__DATASET RECORDS__

____________________

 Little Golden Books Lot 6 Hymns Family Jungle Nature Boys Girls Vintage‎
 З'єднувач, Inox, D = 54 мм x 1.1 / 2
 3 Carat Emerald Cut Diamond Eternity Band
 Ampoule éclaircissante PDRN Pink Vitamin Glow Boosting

____________________

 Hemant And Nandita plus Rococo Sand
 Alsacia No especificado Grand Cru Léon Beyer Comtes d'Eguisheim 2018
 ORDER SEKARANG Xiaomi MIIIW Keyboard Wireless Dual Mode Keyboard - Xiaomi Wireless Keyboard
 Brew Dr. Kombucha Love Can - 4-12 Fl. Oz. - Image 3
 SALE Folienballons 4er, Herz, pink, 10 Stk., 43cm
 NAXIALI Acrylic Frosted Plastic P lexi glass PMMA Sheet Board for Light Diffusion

____________________

__TASK DESCRIPTION__
Given the data above, transcribe exactly the lines from the one containing "SALE Folienballons 4er, Herz, pink, 10" down to the one containing "NAXIALI Acrylic Frosted", and no others.

__EXERCISE ANSWER__
 SALE Folienballons 4er, Herz, pink, 10 Stk., 43cm
 NAXIALI Acrylic Frosted Plastic P lexi glass PMMA Sheet Board for Light Diffusion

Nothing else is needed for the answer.